_Crawled caption data_
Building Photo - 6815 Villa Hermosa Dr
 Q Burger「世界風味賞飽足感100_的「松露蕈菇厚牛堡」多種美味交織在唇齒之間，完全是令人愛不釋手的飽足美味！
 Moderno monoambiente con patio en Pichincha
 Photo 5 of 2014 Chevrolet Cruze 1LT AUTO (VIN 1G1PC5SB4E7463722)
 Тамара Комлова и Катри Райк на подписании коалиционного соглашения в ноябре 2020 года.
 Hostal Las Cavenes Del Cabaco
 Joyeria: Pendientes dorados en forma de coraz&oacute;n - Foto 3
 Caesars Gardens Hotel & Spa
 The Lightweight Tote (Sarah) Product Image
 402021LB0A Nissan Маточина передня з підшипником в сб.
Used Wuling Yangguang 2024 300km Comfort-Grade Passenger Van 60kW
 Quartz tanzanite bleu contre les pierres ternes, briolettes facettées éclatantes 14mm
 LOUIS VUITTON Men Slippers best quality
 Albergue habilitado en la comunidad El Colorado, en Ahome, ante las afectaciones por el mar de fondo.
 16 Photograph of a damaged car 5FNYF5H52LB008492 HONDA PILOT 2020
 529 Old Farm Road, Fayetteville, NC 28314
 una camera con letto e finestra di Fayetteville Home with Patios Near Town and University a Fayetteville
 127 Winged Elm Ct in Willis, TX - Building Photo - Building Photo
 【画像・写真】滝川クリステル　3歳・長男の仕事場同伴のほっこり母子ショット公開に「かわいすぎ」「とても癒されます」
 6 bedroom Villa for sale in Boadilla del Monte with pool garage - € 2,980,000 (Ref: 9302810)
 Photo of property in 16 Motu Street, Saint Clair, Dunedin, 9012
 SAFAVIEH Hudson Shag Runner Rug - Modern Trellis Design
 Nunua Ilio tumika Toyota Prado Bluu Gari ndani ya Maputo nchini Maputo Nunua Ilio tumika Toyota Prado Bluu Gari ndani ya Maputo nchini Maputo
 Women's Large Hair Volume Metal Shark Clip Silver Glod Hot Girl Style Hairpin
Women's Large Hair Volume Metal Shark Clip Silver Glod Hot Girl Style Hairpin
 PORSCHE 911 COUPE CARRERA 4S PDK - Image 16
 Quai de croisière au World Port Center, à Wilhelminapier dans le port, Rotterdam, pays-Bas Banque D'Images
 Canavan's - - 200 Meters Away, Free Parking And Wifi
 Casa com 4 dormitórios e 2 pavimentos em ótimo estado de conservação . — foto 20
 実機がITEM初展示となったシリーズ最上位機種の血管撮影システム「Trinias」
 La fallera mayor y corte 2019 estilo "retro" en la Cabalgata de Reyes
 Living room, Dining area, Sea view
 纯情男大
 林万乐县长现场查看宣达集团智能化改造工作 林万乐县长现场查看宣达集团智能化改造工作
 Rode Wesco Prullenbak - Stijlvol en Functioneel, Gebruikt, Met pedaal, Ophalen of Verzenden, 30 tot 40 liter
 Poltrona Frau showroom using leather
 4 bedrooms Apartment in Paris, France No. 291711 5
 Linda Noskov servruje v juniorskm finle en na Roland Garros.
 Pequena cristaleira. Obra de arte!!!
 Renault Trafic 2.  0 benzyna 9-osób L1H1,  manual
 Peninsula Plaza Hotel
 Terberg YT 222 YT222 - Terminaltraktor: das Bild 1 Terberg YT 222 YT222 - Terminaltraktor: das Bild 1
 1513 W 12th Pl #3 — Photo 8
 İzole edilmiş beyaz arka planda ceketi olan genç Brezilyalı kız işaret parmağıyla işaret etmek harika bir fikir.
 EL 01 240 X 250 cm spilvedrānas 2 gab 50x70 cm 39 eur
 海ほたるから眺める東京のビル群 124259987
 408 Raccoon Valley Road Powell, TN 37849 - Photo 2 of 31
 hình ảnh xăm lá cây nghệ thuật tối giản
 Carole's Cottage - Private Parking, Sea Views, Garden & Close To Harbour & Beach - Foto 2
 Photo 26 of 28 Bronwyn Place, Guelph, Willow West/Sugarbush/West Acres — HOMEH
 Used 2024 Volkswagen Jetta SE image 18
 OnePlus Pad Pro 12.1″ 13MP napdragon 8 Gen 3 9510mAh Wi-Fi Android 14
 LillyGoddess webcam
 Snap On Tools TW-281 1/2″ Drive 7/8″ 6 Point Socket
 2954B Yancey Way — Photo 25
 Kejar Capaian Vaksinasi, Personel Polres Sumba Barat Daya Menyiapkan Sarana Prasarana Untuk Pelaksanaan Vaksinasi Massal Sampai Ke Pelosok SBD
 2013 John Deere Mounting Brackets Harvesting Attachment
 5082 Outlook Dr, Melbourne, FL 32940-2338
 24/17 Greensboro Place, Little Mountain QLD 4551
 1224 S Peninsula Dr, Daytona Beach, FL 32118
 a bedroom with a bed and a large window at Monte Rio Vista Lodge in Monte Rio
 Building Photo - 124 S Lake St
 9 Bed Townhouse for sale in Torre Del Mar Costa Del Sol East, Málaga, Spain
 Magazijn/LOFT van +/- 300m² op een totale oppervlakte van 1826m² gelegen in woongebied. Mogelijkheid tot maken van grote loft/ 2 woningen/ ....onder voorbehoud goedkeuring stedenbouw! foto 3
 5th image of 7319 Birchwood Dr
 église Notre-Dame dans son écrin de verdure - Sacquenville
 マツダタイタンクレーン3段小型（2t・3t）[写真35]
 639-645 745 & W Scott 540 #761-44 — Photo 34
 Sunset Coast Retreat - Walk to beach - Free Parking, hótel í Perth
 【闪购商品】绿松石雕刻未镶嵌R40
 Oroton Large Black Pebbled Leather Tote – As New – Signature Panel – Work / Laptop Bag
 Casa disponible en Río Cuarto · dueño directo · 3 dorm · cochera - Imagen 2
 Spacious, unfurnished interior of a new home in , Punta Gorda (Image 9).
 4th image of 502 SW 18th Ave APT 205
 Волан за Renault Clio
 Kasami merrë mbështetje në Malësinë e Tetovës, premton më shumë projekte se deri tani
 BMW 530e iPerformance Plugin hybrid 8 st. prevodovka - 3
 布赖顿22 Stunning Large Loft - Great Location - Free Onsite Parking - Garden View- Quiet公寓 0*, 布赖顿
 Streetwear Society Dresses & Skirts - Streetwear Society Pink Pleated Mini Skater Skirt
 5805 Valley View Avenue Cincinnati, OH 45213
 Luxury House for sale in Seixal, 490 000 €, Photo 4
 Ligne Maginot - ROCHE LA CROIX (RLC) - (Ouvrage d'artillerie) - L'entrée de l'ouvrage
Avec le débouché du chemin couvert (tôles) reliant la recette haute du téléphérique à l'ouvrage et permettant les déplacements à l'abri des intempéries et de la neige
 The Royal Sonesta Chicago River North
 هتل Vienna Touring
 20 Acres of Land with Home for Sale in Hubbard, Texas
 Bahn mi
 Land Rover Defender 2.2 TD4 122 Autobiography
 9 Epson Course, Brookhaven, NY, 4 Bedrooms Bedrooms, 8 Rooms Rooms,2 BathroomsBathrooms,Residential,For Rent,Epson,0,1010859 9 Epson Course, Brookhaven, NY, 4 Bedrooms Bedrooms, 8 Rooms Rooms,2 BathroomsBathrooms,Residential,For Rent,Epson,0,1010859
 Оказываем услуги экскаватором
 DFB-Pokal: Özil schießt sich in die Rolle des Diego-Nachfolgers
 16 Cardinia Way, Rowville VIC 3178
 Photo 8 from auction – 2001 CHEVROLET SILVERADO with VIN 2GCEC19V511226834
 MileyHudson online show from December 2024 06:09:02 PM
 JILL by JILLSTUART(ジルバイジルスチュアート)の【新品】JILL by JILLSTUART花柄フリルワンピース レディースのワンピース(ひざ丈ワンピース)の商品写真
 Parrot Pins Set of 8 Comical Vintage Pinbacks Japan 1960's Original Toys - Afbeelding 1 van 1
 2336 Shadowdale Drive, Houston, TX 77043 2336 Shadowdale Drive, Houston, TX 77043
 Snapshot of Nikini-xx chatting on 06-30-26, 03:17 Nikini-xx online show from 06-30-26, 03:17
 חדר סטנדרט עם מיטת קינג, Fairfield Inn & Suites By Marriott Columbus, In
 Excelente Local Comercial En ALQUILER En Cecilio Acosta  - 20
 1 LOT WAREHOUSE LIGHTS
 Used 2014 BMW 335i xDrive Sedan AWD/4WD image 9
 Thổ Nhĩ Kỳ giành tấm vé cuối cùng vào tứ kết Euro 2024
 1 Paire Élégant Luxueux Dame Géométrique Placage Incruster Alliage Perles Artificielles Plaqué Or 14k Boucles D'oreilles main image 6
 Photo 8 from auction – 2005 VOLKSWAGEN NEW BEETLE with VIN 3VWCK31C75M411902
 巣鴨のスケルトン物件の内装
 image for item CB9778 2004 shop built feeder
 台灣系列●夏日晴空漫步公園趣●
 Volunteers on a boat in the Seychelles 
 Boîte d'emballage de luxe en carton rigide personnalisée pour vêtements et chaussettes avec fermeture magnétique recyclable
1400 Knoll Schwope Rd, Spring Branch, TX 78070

_Work order_
Will you return exactly the lines above from the one with "La fallera mayor" down to the one with "Carole's Cottage - Private", counting both as part of the range?

_Result_
 La fallera mayor y corte 2019 estilo "retro" en la Cabalgata de Reyes
 Living room, Dining area, Sea view
 纯情男大
 林万乐县长现场查看宣达集团智能化改造工作 林万乐县长现场查看宣达集团智能化改造工作
 Rode Wesco Prullenbak - Stijlvol en Functioneel, Gebruikt, Met pedaal, Ophalen of Verzenden, 30 tot 40 liter
 Poltrona Frau showroom using leather
 4 bedrooms Apartment in Paris, France No. 291711 5
 Linda Noskov servruje v juniorskm finle en na Roland Garros.
 Pequena cristaleira. Obra de arte!!!
 Renault Trafic 2.  0 benzyna 9-osób L1H1,  manual
 Peninsula Plaza Hotel
 Terberg YT 222 YT222 - Terminaltraktor: das Bild 1 Terberg YT 222 YT222 - Terminaltraktor: das Bild 1
 1513 W 12th Pl #3 — Photo 8
 İzole edilmiş beyaz arka planda ceketi olan genç Brezilyalı kız işaret parmağıyla işaret etmek harika bir fikir.
 EL 01 240 X 250 cm spilvedrānas 2 gab 50x70 cm 39 eur
 海ほたるから眺める東京のビル群 124259987
 408 Raccoon Valley Road Powell, TN 37849 - Photo 2 of 31
 hình ảnh xăm lá cây nghệ thuật tối giản
 Carole's Cottage - Private Parking, Sea Views, Garden & Close To Harbour & Beach - Foto 2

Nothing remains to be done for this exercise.